Siyasi konularda yazılar yazmaya mecburuz. Öyle ya,
siyaset bizim işimiz değil dediğin gün masonlara teslim oluruz da
seni parmağında oynatırlar vesselam.
Hele ki dünyanın gün gün yangın yerine döndüğü gerçeğinde
siyaset denen mevzu ne yazık ki yediğimiz ekmekten farksız bir
mülahaza haline gelmişken…
Hele hele ülke insanının kahir ekseriyetle sosyal medya
hesapları üzerinden durmaksızın yaptığı salvoları görünce nasıl
yazmazsın.
Merhum Ayşe Osmanoğlu, Sultan II. Abdülhamid’in 1960’da vefat
eden kızı. “Babam Abdülhamid” adını verdiği anıları
kitaplaştırılmış.
Hani “Payitataht Abdülhamid” dizisi de hayli ilgi
çekmişken. Abdülhamid Han’ı filmle de olsa tanımaya çalışıyoruz
ayrıca…
Kitapta yer alan ve Sultan’ın ağzıyla anlatılan “Ah kaht-ı
rical” kısmı. Kızının diliyle söylense de Padişah Abdülhamid,
düşlediği devlet adamı vasıflarını taşıyan sadrazamı bir türlü
tayin edemeyişi yüzünden bu serzenişini dile getirmiş.
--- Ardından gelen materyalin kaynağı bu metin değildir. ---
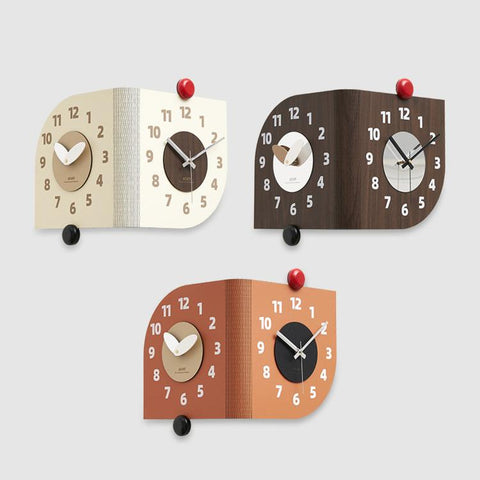 wozoom Corner Wall Clock Double Sided 90 Degree Wrap Around Quartz Clock, Beige, Dark Brown, Orange, Beige Swing Style 1, Beige Swing Style 2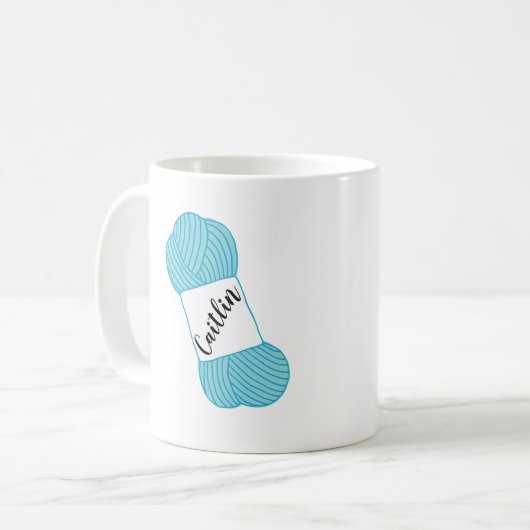 Aangepaste Aqua Blue Skein van de Mok van Yarn (Voorkant links)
Kaht-ı Rical… Yani devlet idaresinde görev vereceği adam
kıtlığı…
Sanki değişen bir şey yok gibi azizim.
KHK MESELESİ
Daha dün gibi. İnsan geriye dönüp hatırlamak bile istemese de 15
Temmuz gecesi milletin yüreğinde açılan o yara kapanacak gibi
görünmüyor.
Belki de kapanmaması daha iyi kim bilir.
Hem bunca FETÖ’cünün ortalıkta fink attığı bir zamanda kapanması
da imkânsız…
Ortalıkta diyorum. Kimi içerde kimi dışarda kimi de yurt dışında
elbette.
Rahmetli Ömer HALİSDEMİR başta olma üzere şehadet şerbeti
içen
insanımızı düşündükçe kanı donuyor insanın.
Sonra bir de arada bir ortaya atılan lüzumsuz beyanatları
duyunca daha bir ifrit oluyoruz ayrıca..
Ilıcak’ın ve Altan’ın dışarı çıkışı hayra mı şerre mi alamet
derken asıl çıkış başka yerden gelmesin mi?
“KHK bir faciadır” deyiverdi yılların kurt siyasetçisi
Arınç…
Tam da soğuyan havalarla bir buz kesmişti ki ortalık, kem küm
sözleriyle toparlama telaşıdır aldı yürüdü.
Arınç en son olarak aslında mesele şu dostlar demek istedim
dercesine ''AK Parti Türkiye'nin sigortası. Bu sigortayı attırmamak
lazım. Birbirimize düşeriz, parçalanırız, kuvvetimiz gider''
dedi.
Ha şunu bileydin. Amma ve lakin benim yaşımın iki katından fazla
siyasetle uğraşmış hele ki Rahmetli Erbakan’ın rahle-i tedrisine
diz çökmüş bir hukuk adamının cerbezeli laflarının arasına bu
ifadeyi sıkıştırması hiç ama hiç hayra alamet değil.